'''
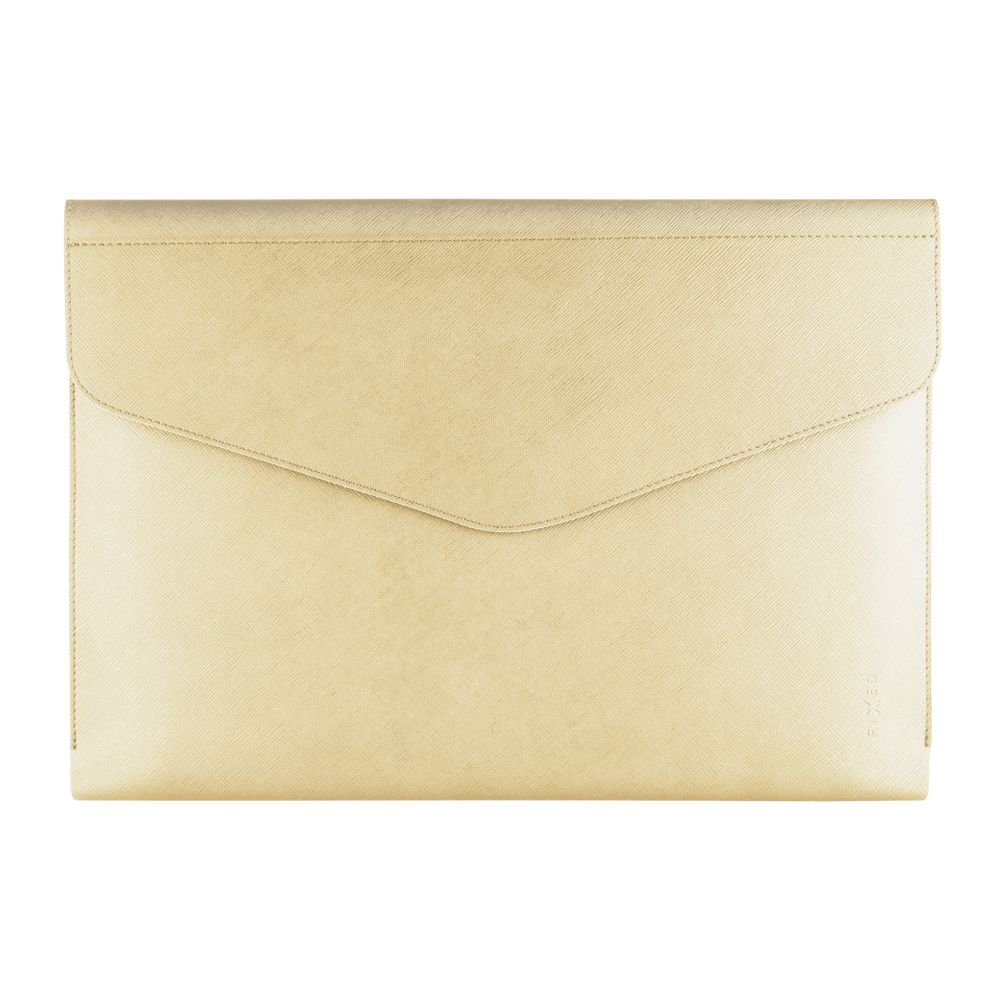 Pouzdro FIXED Siena pro notebooky a tablety do 13", světle žluté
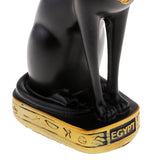 Max Resin Egyptian Cat Goddess Bast Bastet Statue Art Craft Home Decoration Black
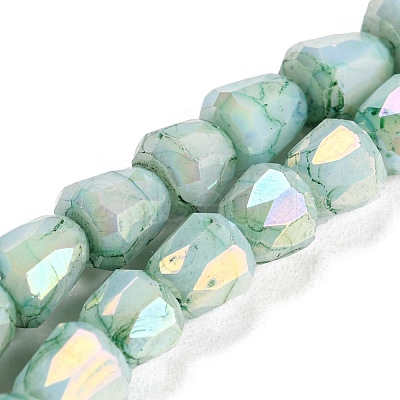 Electroplate Glass Beads Strand GLAA-G088-03-01B-1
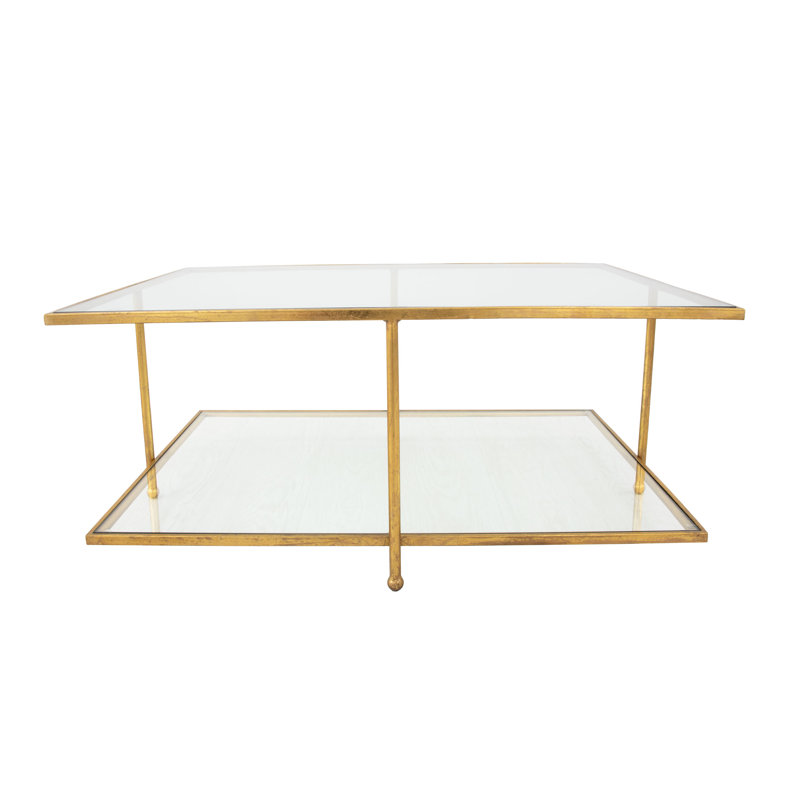 Romana Coffee Table, Gold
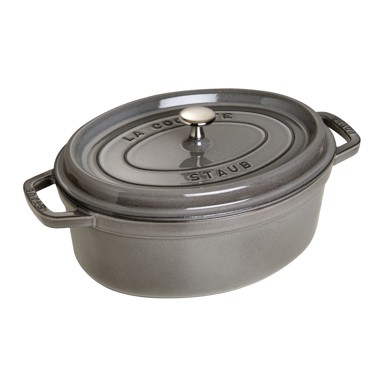 STAUB Ovalni lonac od lijevanog željeza 3,2 l, grafit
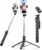 Phone Tripod & Selfie Stick, 170cm Extendable Portable Phone Tripod Stand with Wireless Remote, Compatible with iPhone/Android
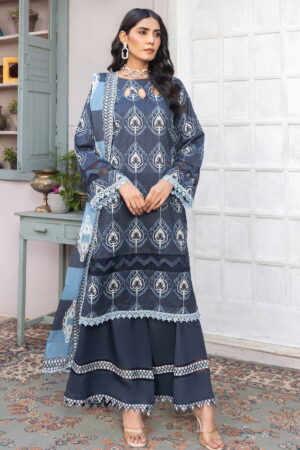 Humdum Rang E Noor Hrn 02 Lawn Collection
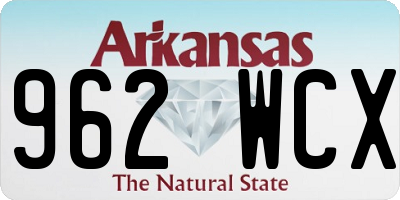 AR license plate 962WCX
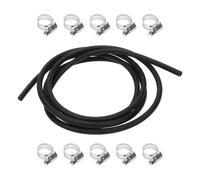 Kit Tubo Carburante 1/8" 8ft per Auto con 10 Morsetti Neri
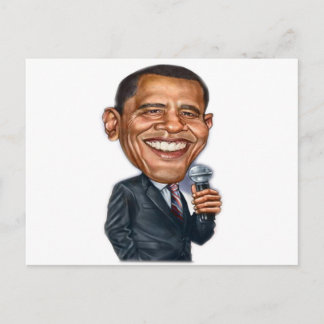 Barack Obama Caricature series Postcard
'''
→ **Task brief**
Output the listing above exactly, pictures omitted.

→ **Reply to the exercise**
 Pouzdro FIXED Siena pro notebooky a tablety do 13", světle žluté
 Max Resin Egyptian Cat Goddess Bast Bastet Statue Art Craft Home Decoration Black
 Electroplate Glass Beads Strand GLAA-G088-03-01B-1
 Romana Coffee Table, Gold
 STAUB Ovalni lonac od lijevanog željeza 3,2 l, grafit
 Phone Tripod & Selfie Stick, 170cm Extendable Portable Phone Tripod Stand with Wireless Remote, Compatible with iPhone/Android
 Humdum Rang E Noor Hrn 02 Lawn Collection
 AR license plate 962WCX
 Kit Tubo Carburante 1/8" 8ft per Auto con 10 Morsetti Neri
 Barack Obama Caricature series Postcard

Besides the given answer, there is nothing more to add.